The Company has also established a Compensation Committee which is comprised of
Messrs. Kassel, Heiden, Raleigh and Schulberg, The Compensation Committee, among
other things, makes recommendations to the Board of Directors with respect to
the compensation of the executive officers of the Company. The Company maintains
a Stock Option Committee comprised of Messrs. Schulberg and Heiden, which
determines the persons to whom options should be granted under the Company's
1995 and 1997 Stock Option Plans and the number and other terms of options to be
granted to each person under such plans.
Compensation Committee Interlocks and Insider Participation in Compensation
Decisions
The Compensation Committee of the Company's Board of Directors consists
of Messrs. Kassel, Heiden, Raleigh and Schulberg. During the fiscal year ended
June 30, 2001, none of the Company's executive officers served on the Board of
Directors or the compensation committee of any other entity, any of whose
officers served on the Board of Directors or Compensation Committee of the
Company.
Stock Option Plans
In September 1991, the Company adopted a stock option plan (the "1991
Plan") pursuant to which 700,000 shares of Common Stock have been reserved for
issuance upon the exercise of options designated as either (i) options intended
to constitute incentive stock options ("ISOs") under the Internal Revenue Code
of 1986, as amended (the "Code") or (ii) non-qualified options ("NQO's"). ISOs
may be granted under the 1991 Plan to employees and officers of the Company.

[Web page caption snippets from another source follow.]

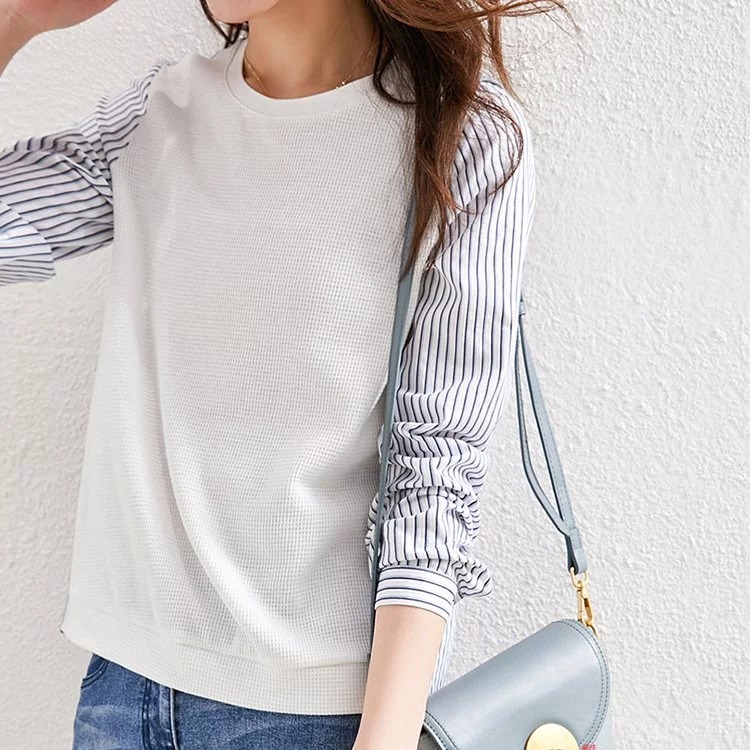 拼接色圓領簡單長袖襯衫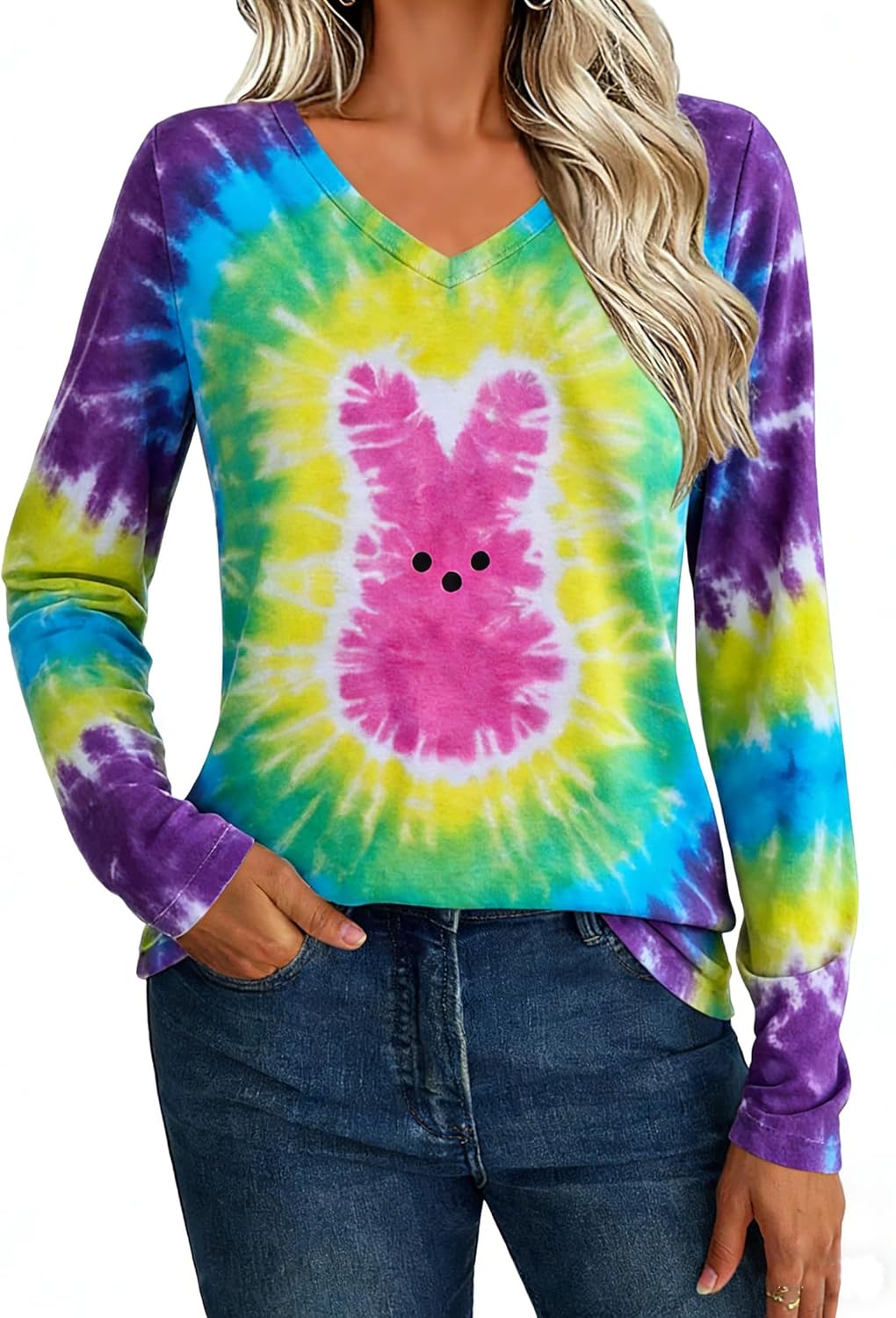 Easter Shirts for Women Bunny Shirt Happy Easter Eggs T-Shirt Rabbit Graphic Gifts Tee Tops V Neck Long Sleeve Outfit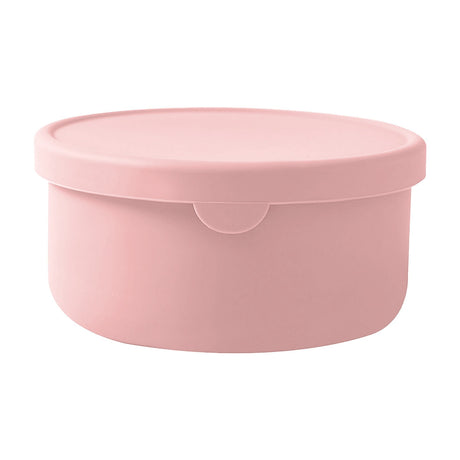 Pink reusable silicone baby snack container with lid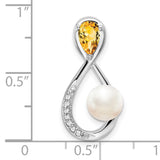 10k White Gold Pendant with Citrine and Pearl, Infinity Loop Design, Diamond Accents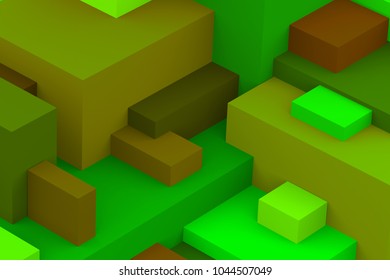 Abstract geometric cubic dark colorful background  isometric 3d render 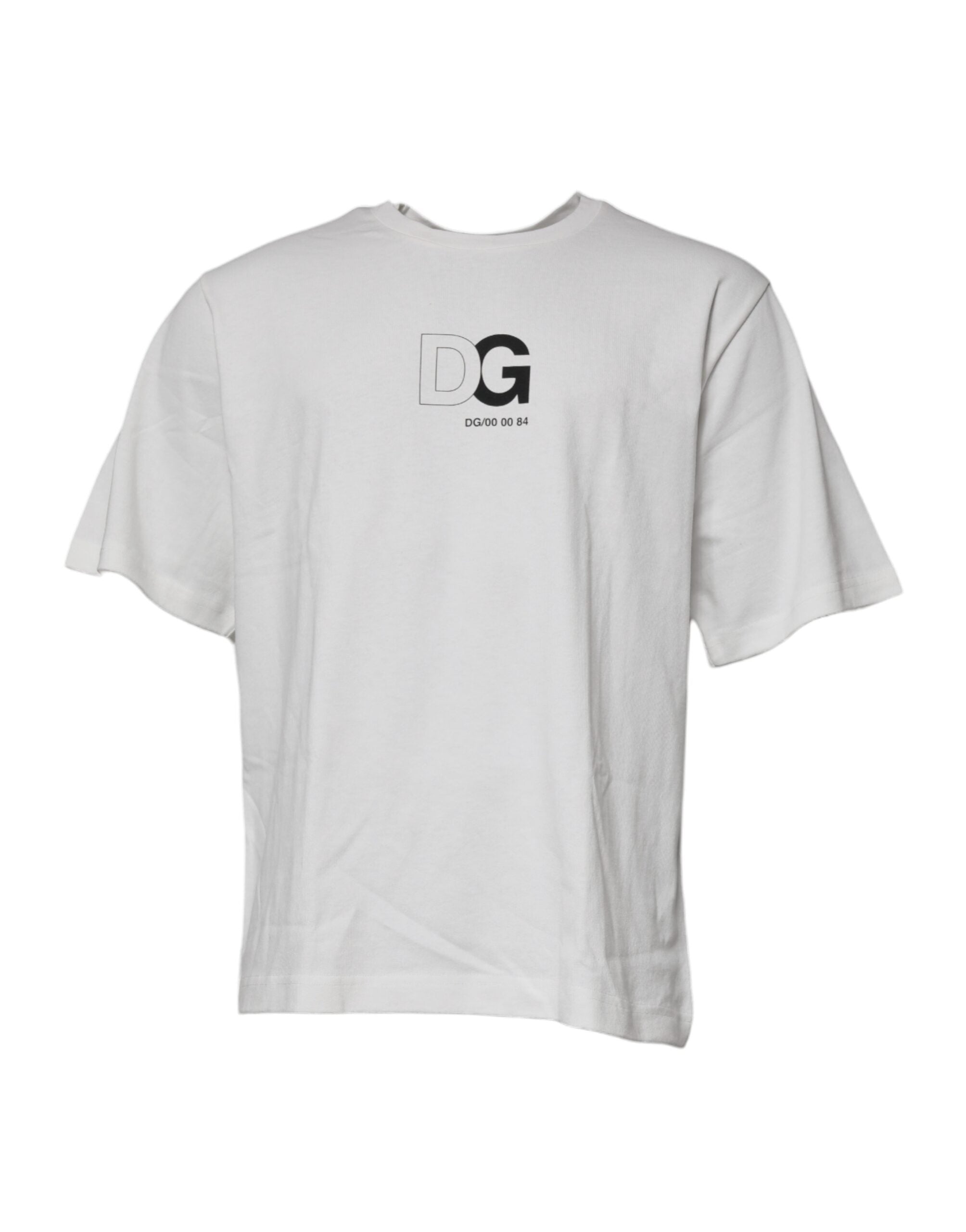 T-shirt blanc Dolce & Gabbana à logo DG, col ras du cou, manches courtes, tissu doux et élégant.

NQO's may be granted to consultants, directors (whether or not they are
employees), employees or officers of the Company.
-12-
The purpose of the 1991 Plan is to encourage stock ownership by certain
directors, officers and employees of the Company and certain other persons
instrumental to the success of the Company and give them a greater personal
interest in the success of the Company. The 1991 Plan is administered by the
Board of Directors. The Board, within the limitations of the 1991 Plan,
determines the persons to whom options will be granted, the number of shares to
be covered by each option, whether the options granted are intended to be ISOs,
the duration and rate of exercise of each option, the option purchase price per
share and the manner of exercise, the time, manner and form of payment upon
exercise of an option, and whether restrictions such as repurchase rights in the
Company are to be imposed on shares subject to options.
ISOs granted under the 1991 Plan may not be granted at a price less
than the fair market value of the Common Stock on the date of grant (or 110% of
fair market value in the case of persons holding 10% or more of the voting stock
of the Company). The aggregate fair market value of shares for which ISOs
granted to any employee are exercisable for the first time by such employee
during any calendar year (under all stock option plans of the Company and any
related corporation) may not exceed $100,000. NQO's granted under the 1991 Plan
may not be granted at a price less than the fair market value of the Common
Stock on the date of grant. Options granted under the 1991 Plan will expire not
more than ten years from the date of grant (five years in the case of ISOs
granted to persons holding 10% or more of the voting stock of the Company).
The Company has adopted, a Non-Employee Director Stock Option Plan (the
"Director Plan"). Only non-employee directors of the Company are eligible to
receive grants under the Director Plan. The Director Plan provides that eligible
directors automatically receive a grant of options to purchase 5,000 shares of
Common stock at fair market value upon first becoming a director and,
thereafter, an annual grant, in January of each year, of 5,000 options at fair
market value. Options to purchase an aggregate of up to 100,000 shares of Common
Stock are available for automatic grants under the Director Plan.
-13-
The Company has adopted a 1995 Stock Option Plan ("1995 Plan") which
provides for grants of options to purchase up to 1,500,000 shares of Common
Stock. The Board of Directors or the Stock Option Committee (the "Committee"),
as the case may be, will have discretion to determine the number of shares
subject to each NQO (subject to the number of shares available for grant under
the 1995 Plan and other limitations on grant set forth in the 1995 Plan), the
exercise price thereof (provided such price is not less than the par value of
the underlying shares of Common Stock), the term thereof (but not in excess of
10 years from the date of grant, subject to earlier termination in certain
circumstances), and the manner in which the option becomes exercisable (amounts,
intervals and other conditions). Directors who are employees of the Company will
be eligible to be granted ISOs or NQOs under such plan. The Board or Committee,
as the case may be, also has discretion to determine the number of shares
subject to each ISO, the exercise price and other terms and conditions thereof,
but their discretion as to the exercise price, the term of each ISO and the
number of ISOs that may vest in any calendar year is limited by the same Code
provisions applicable to ISOs granted under the 1991 Plan.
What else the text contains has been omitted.